TheELNConsortium / TheELNFileFormat

Specification for the ELN File Format
MIT License
41 stars 7 forks source link

Description formats #74

Open nicobrandt opened 3 weeks ago

nicobrandt commented 3 weeks ago

Have we discussed yet on how to deal with different description formats? Specifically, I'm talking about the text property we use within datasets, files, comments, etc. In the current examples we have, one can find at least three different formats: HTML, Markdown and plain text. Generally, ELNs could either leave them as-is and hope for the best, or attempt to convert the text in a suitable format. However, such conversions can be error-prone, especially when the ELN would first need to detect the source format based on the contents.

A related question, at least for Markdown, HTML, etc., is also how to deal with linked, ELN-internal images. Even if these would be included in the Crate, the corresponding URL would need to be updated somehow in the text.

NicolasCARPi commented 3 weeks ago

In eLab, text will be HTML for most cases (default setting). But it can also be Markdown. I suggest using encodingFormat on the Dataset (text/html, text/markdown).

2024-06-12-150556_667x62_scrot

NicolasCARPi commented 3 weeks ago

Even if these would be included in the Crate, the corresponding URL would need to be updated somehow in the text.

In my case, any attached file has it's old name as alternateName, it corresponds to the name of the file on the storage backend, which allows one to look for this value (some hash) in the main text and replace it with the new one, of the freshly uploaded file. Examples .eln should ideally include such a use case, with an image embedded in main text.

nicobrandt commented 3 weeks ago

In eLab, text will be HTML for most cases (default setting). But it can also be Markdown. I suggest using encodingFormat on the Dataset (text/html, text/markdown).

2024-06-12-150556_667x62_scrot

Including a MIME type somewhere would be ideal. For datasets and comments, this should work, as long as ELNs know to treat this property accordingly. Files may have both a MIME type (describing the actual file content) and a description though, so I can see it being an issue there at least.

NicolasCARPi commented 3 weeks ago

Including a MIME type somewhere would be ideal.

But encodingFormat is a MIME type!

Files may have both a MIME type and a description

How is the description clashing with encodingFormat??

nicobrandt commented 3 weeks ago

What I meant is, if a file has a description specified as text and a MIME type (describing the file contents) specified as encodingFormat, then how would we specify the MIME type of just the description?

NicolasCARPi commented 3 weeks ago

Oh I see. Like this then:

 "description": {
    "@type": "CreativeWork",
    "text": "<p>This is a detailed description in HTML format.</p>",
    "encodingFormat": "text/html"
  },
nicobrandt commented 3 weeks ago

This syntax would be nice, but unfortunately only text seems to be allowed as value for the text property. Using description like in your example would actually allow us to use https://schema.org/TextObject though, which could look very similar to your example, just with a different @type. So we could potentially rethink the use of text and description within the different entities.

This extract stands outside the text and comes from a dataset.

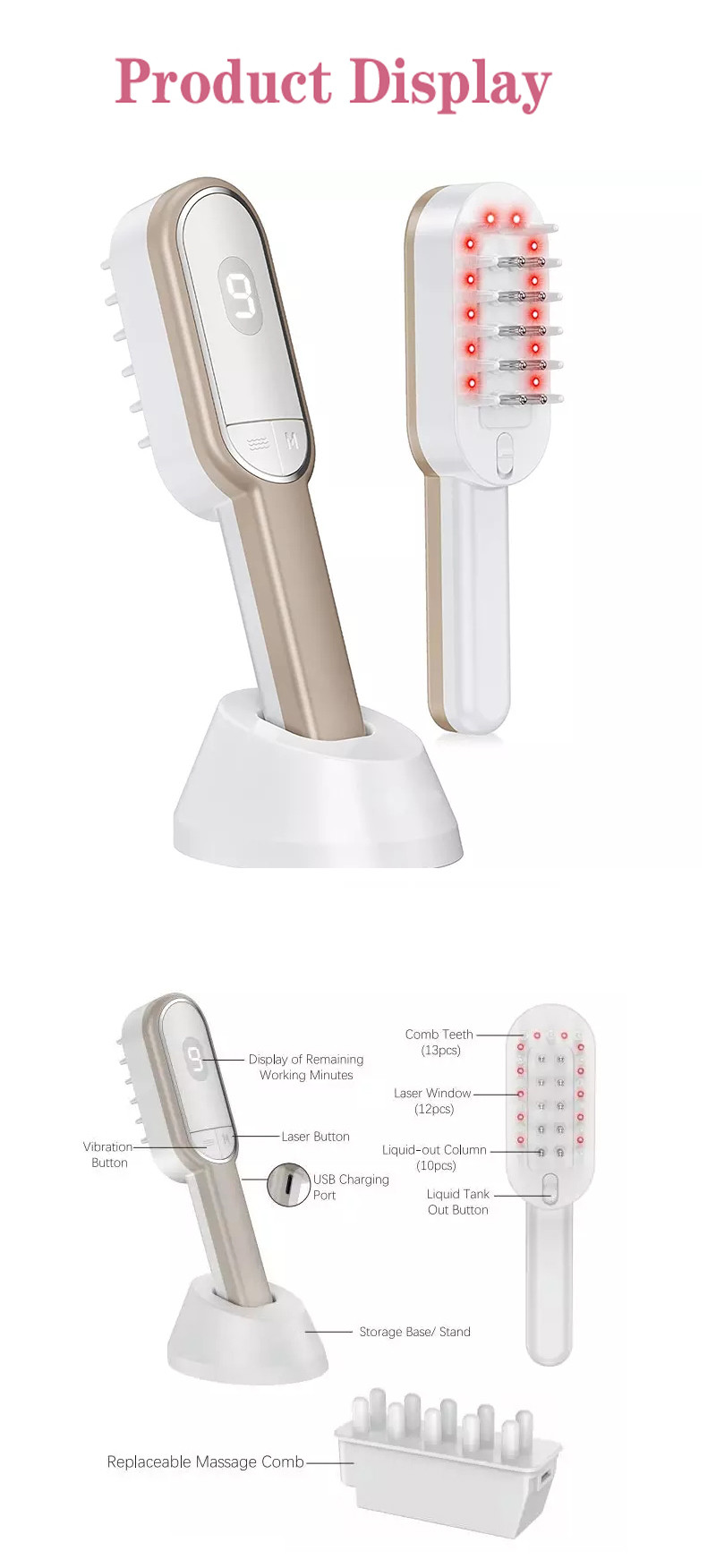 Top Selling Hair Portable Rechargeable Laser Hair Care Comb Hair Growth Care Treatment Vibration Massage Laser Comb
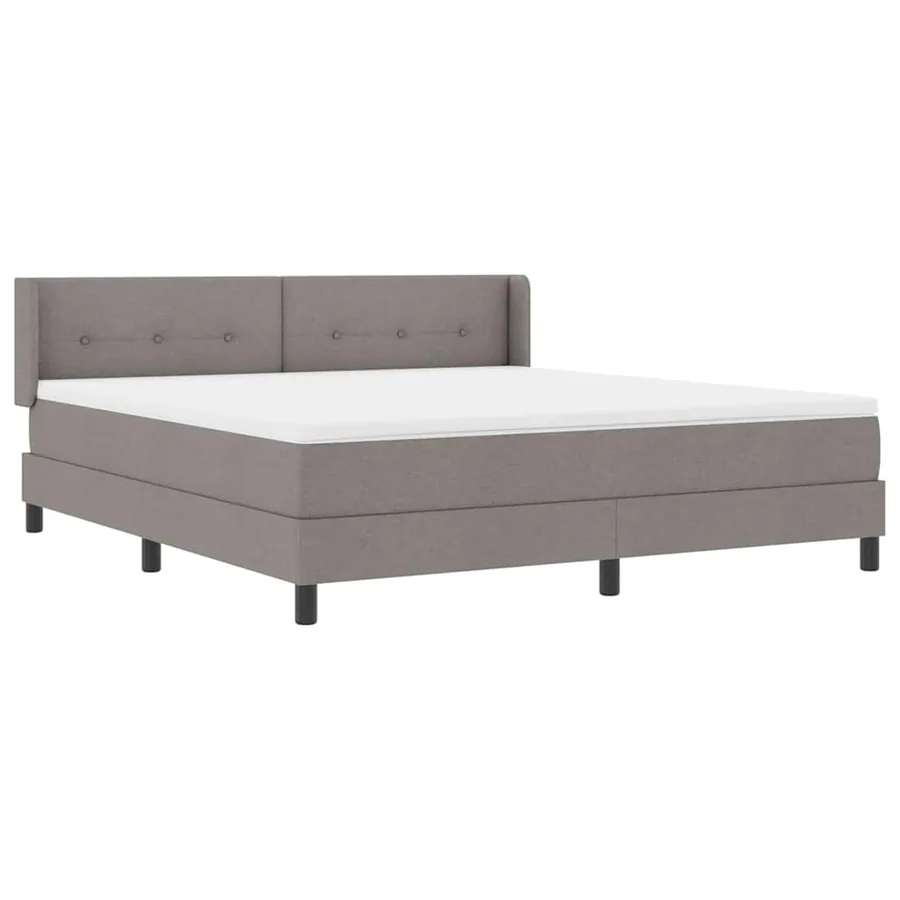 Lit à ressorts avec tête de lit Taupe 200 x 180 cm tissu - 6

SteffenBrinckmann commented 3 weeks ago

Can you remind me, why we use "text" at all if there is description? I forgot.

I am thinking to always convert upon eln-import the content into the encoding that pasta uses (md). As Nico said, it is error-prone but it makes the code easier. I might change this point-of-view in the future.

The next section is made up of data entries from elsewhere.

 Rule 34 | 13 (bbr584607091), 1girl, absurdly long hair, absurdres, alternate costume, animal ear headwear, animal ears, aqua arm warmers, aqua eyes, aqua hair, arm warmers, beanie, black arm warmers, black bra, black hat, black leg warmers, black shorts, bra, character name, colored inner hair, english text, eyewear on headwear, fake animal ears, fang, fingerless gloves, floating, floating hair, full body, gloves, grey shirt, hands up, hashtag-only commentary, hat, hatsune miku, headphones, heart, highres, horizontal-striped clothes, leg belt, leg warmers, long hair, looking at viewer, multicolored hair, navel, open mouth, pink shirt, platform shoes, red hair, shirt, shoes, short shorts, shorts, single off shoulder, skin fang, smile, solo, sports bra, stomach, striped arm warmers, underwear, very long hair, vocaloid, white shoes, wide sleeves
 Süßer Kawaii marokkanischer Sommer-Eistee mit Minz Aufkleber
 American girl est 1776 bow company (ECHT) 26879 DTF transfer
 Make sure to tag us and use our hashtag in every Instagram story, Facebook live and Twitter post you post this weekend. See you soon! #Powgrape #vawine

nicobrandt commented 3 weeks ago

We once discussed (somewhere) to use description for describing the node itself and text for the actual description "content". Currently, in Kadi4Mat we only use the former to add some meta descriptions about additional export files that the user may choose to include in the Crate. But these are not really necessary, so switching from text to description everywhere would not be a problem for us.